Christian Schmeck passed away a few days ago at 59. I saw his obituary posted in the EMS room at a local hospital. I suspect most of the newer EMTs who saw it didn’t know who he was.
I first met Chris over twenty years ago when I worked at the state health department. He was a service chief for a local volunteer ambulance and we had invited him to an EMS Summit to discuss ways the health department could improve the EMS system. He wore his white chief’s shirt with the gold badge on it, but he came across as an unassuming man who was happy to be invited, glad that someone wanted to listen to him. I remember sitting next to him at lunch and having a long talk with him about a call he did where he came upon a family found dead in their beds from carbon monoxide poisoning and I saw how deeply it affected him.

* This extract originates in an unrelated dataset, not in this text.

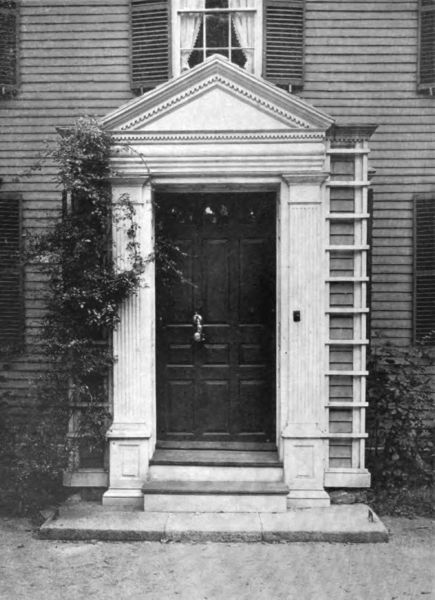 Plate LXXXVII.&mdash;The Porch, Quincy Mansion.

A few years later when I left the health department and started full-time as a paramedic, he was a training officer at the service where I was hired. He gave us all our orientation on our first day, and he was reassuring in providing guidance to the group of us new hires. Over the years I worked with him a few times. He was a good solid partner. Never a know-it-all, but not afraid to direct me if I started down a wrong track. And he was kind to patients – always. He never spoke a harsh word or showed a lack of patience. He was an EMT you wanted taking care of one of your family members if they ever needed help.

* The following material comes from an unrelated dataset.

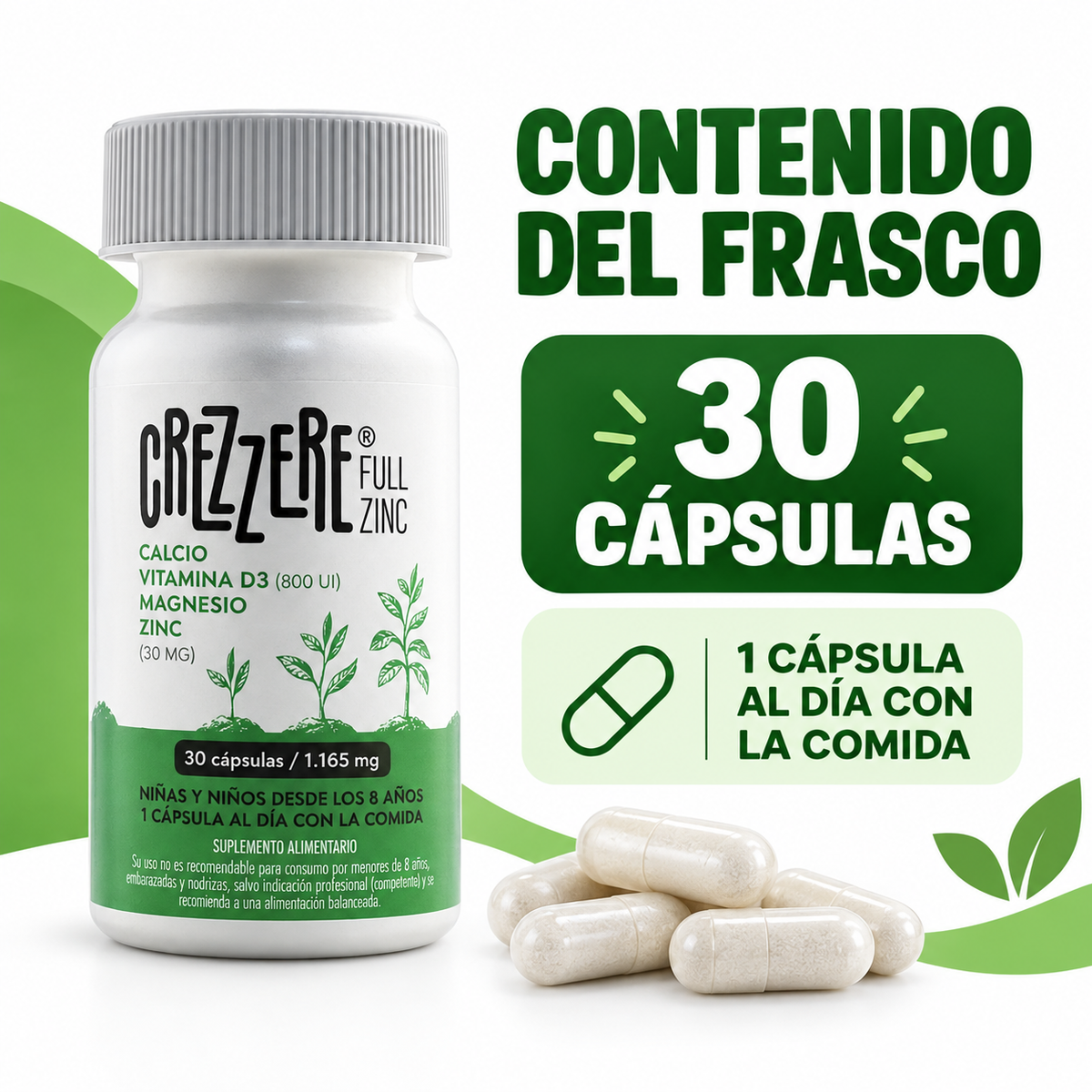 Crezzere Full Zinc Vital & Young 30 Cáps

Like many in EMS, he was often tired, working commercially during the day to support his family and then spending long hours as a volunteer at night, teaching classes and doing calls. As the years went by, he divorced, moved to a new town, joined another volunteer service, and suffered a slow decline in his health. Eventually, he gave up the road, and went into dispatch, and then just teaching. I saw him a few times in hospital rooms in the ED and did a double talk on seeing him on the other side of the stretcher. I’d always stop and talk and wish him well. He would tell me he was doing better, just waiting to be discharged or possibly just admitted for the night.
The last I saw him was in the aftermath of big storm we had last October. He was walking out of an emergency shelter. He wore a nasal cannula and carried a small O2 tank on his shoulder. I didn’t have time to talk, but we said hello.
For those EMTs who read his obituary, but who never knew the man, Christian Schmeck was one of us.